■ **DATASET EXCERPTS**
-- -- --

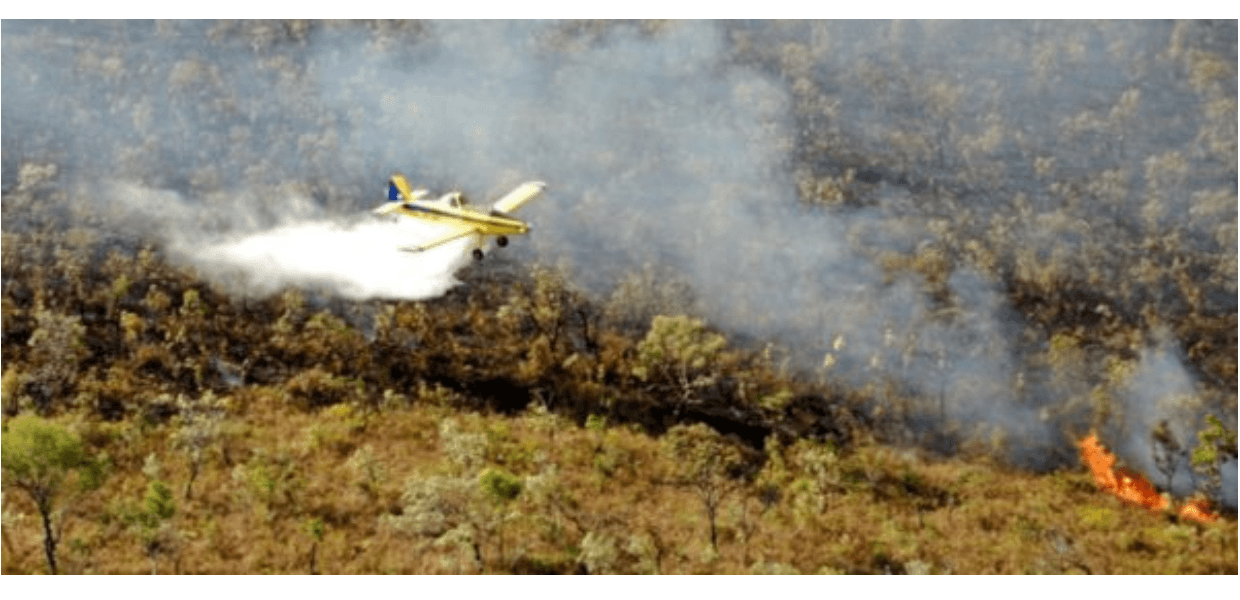 Amazônia: nota do SINDAG apaga incêndio e frenesi da midia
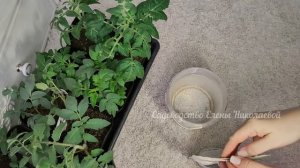 1 УДОБРЕНИЕ для РОСТА КОРНЕЙ и от ВЫТЯГИВАНИЯ РАССАДЫ, Первая лучшая подкормка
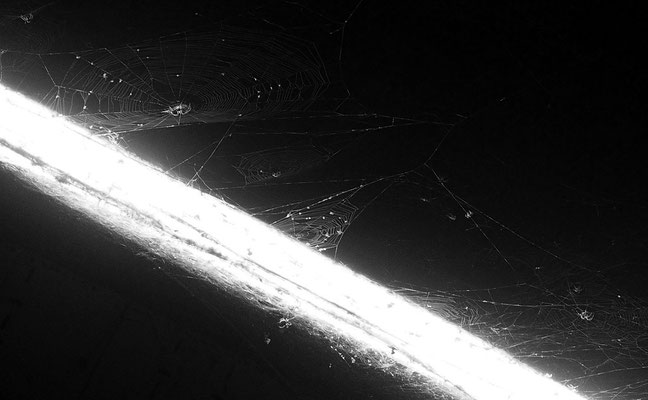 Balmer Pascal - Arachnolumen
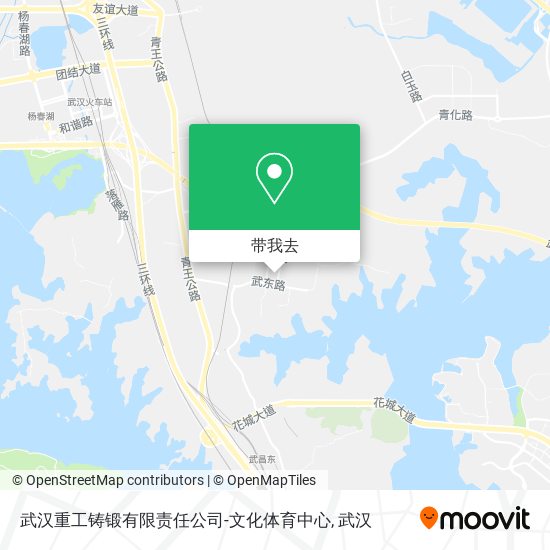 武汉重工铸锻有限责任公司-文化体育中心地图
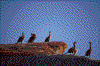 Click on thumbnail to view a full-size image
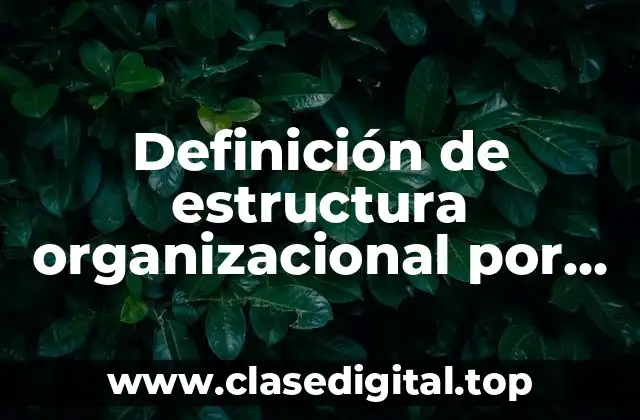 Definición técnica de estructura organizacional por elección y por nombramiento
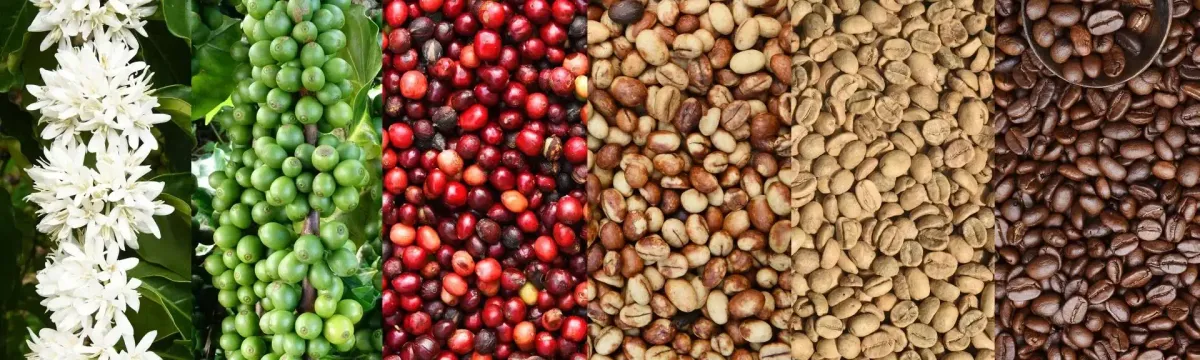 Culture du café : comprendre son impact sur la tasse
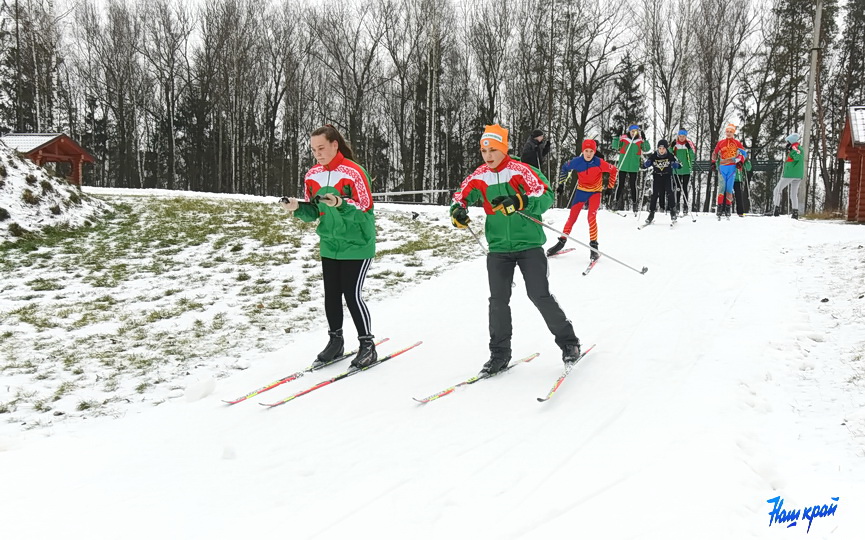 lyzhi_09.jpg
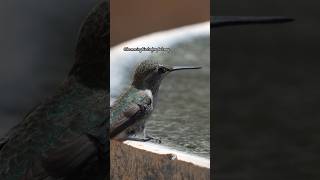 A Very Thirsty Hummingbird #colibri #birdspecies #forwildlife #wildlife #nature #hummingbirdlover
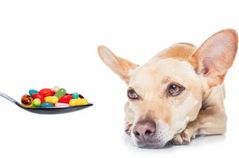 Нестероїдні протизапальні препарати для тварин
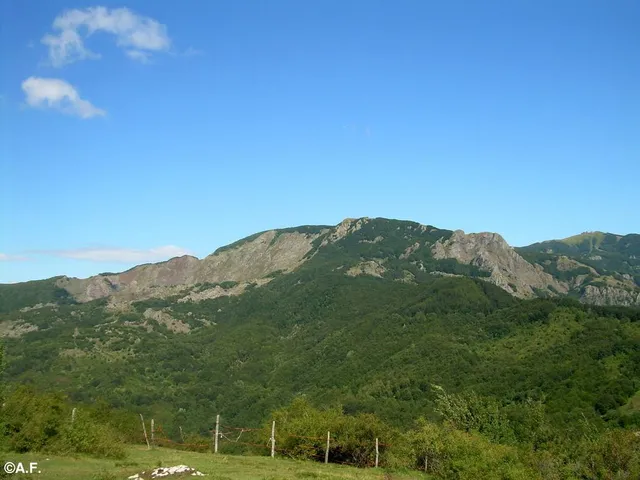Monte Roncalla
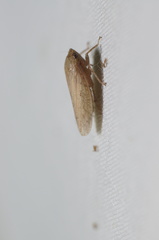 Curtara insularis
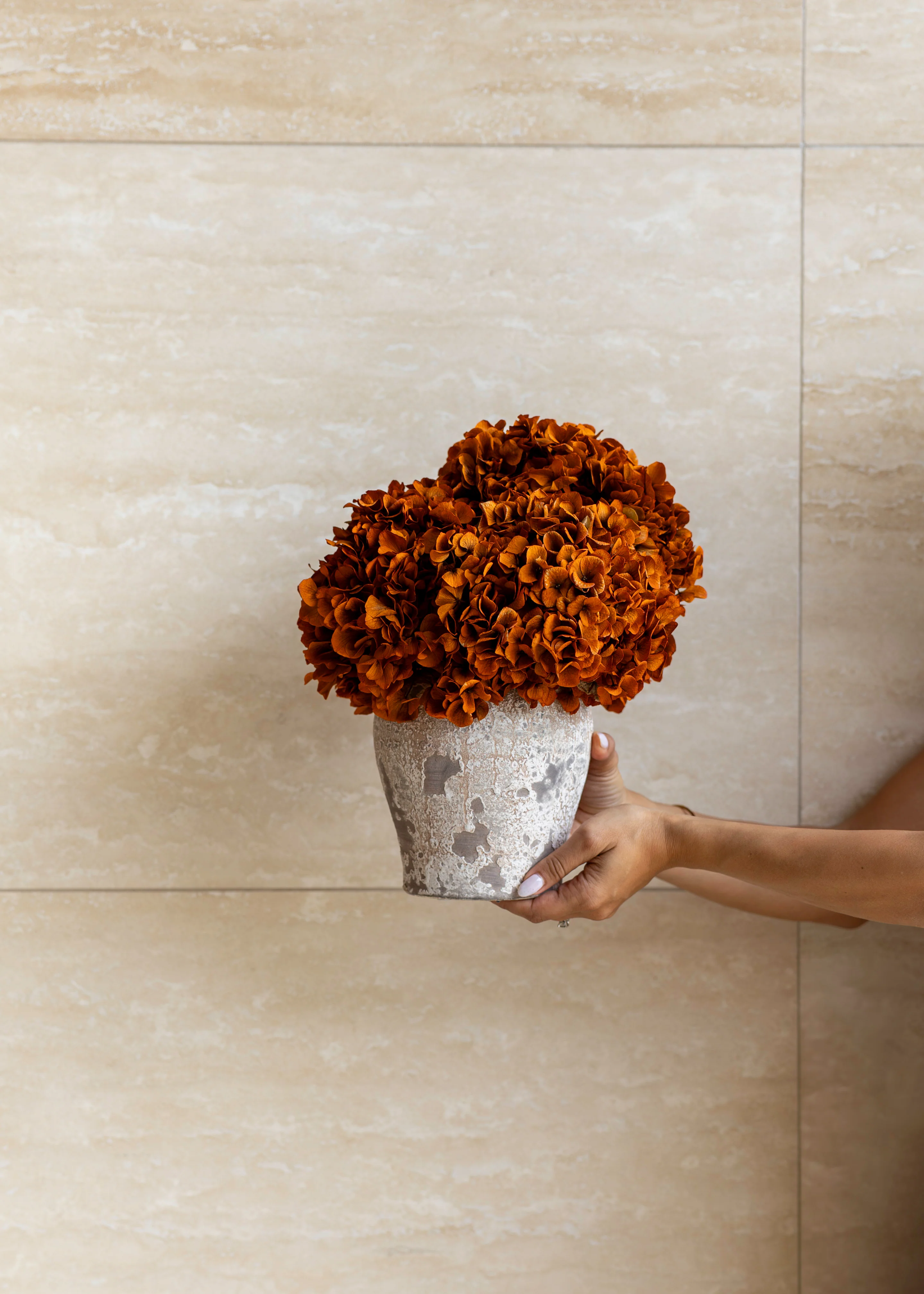 PRESERVED HYDRANGEA STEM I BURNT ORANGE I LARGE-LEAF - Image 3
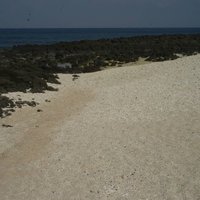The beach is located on the southeast of Dongjiyu Island. The beach is about 100 meters. The beach is mainly composed of foraminifera and coral or shellfish debris, and there are basalt beach rocks in front of the beach. At low tide, the basalt in front of the beach emerges, forming a beach with a strong contrast of dark and light colors.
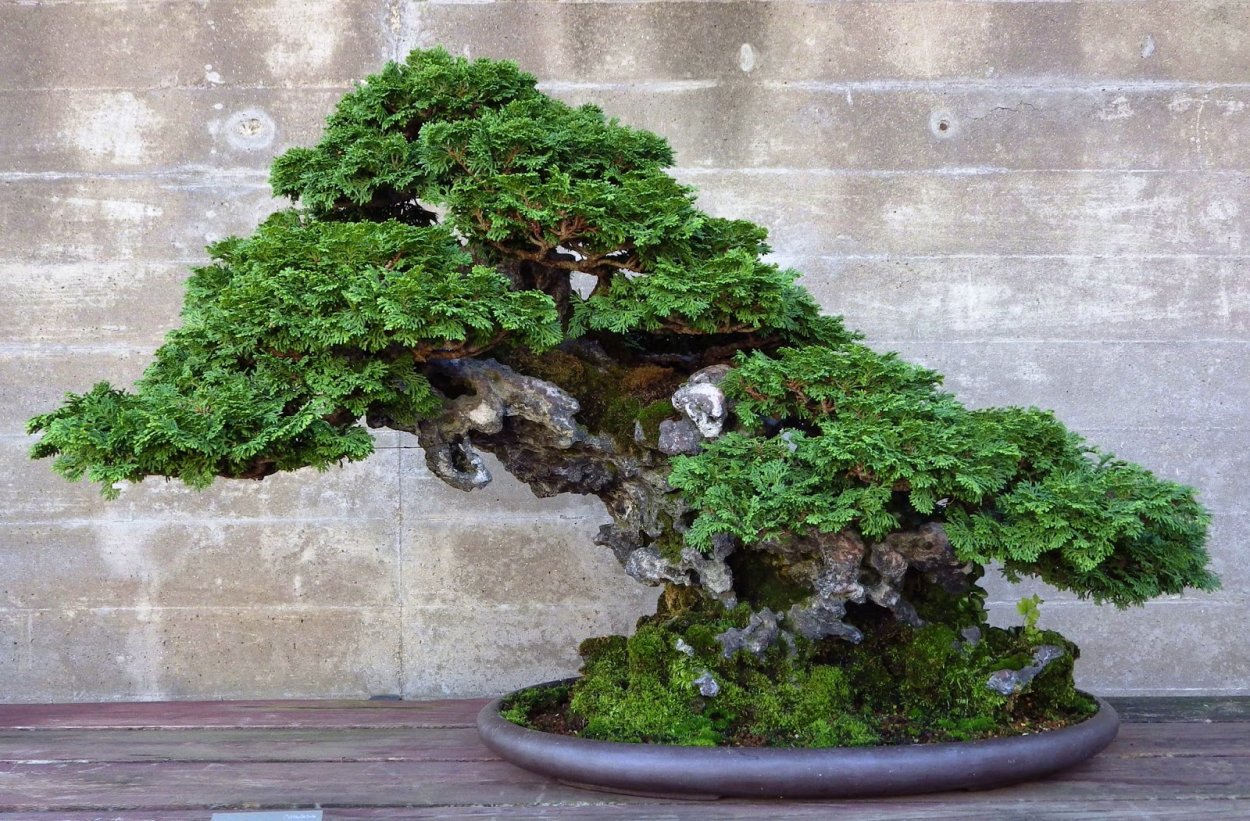 Hinoki Cypress Bonsai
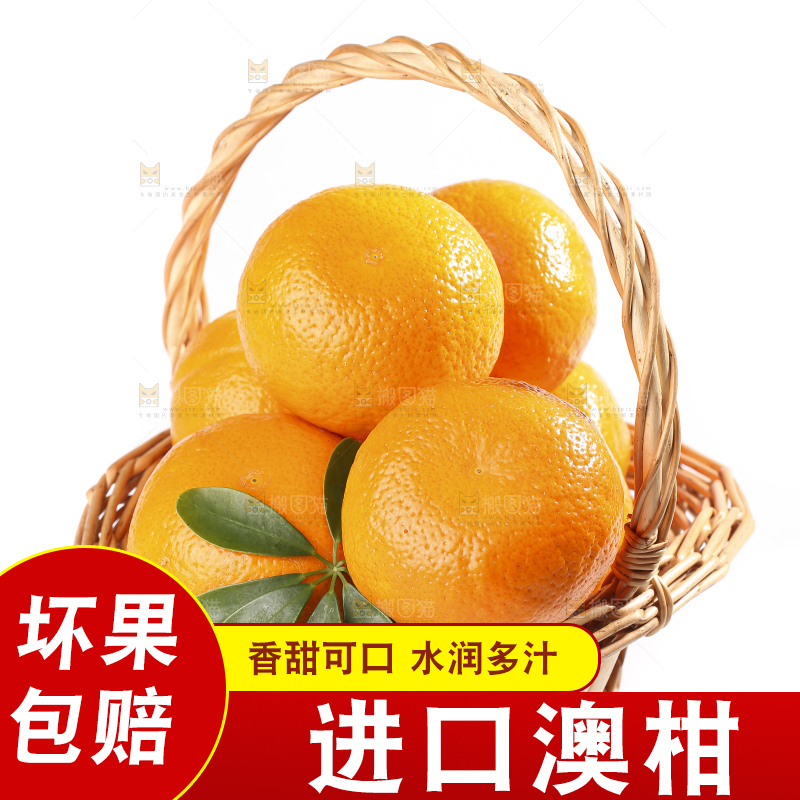 白底上放着新鲜澳柑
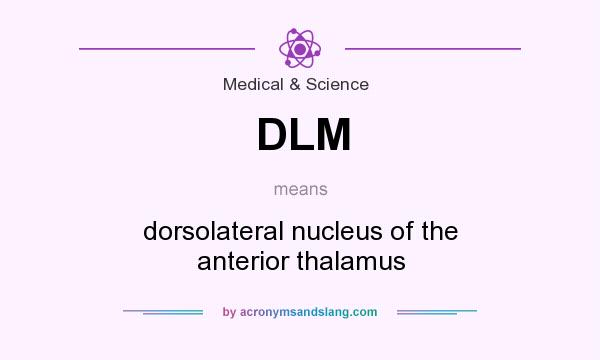 What does DLM mean? It stands for dorsolateral nucleus of the anterior thalamus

-- -- --

In the answer, give only the lines from the top of the data above through the line with "Definición técnica de", reproduced exactly; no picture may appear.

 Amazônia: nota do SINDAG apaga incêndio e frenesi da midia
 1 УДОБРЕНИЕ для РОСТА КОРНЕЙ и от ВЫТЯГИВАНИЯ РАССАДЫ, Первая лучшая подкормка
 Balmer Pascal - Arachnolumen
 武汉重工铸锻有限责任公司-文化体育中心地图
 Click on thumbnail to view a full-size image
 Definición técnica de estructura organizacional por elección y por nombramiento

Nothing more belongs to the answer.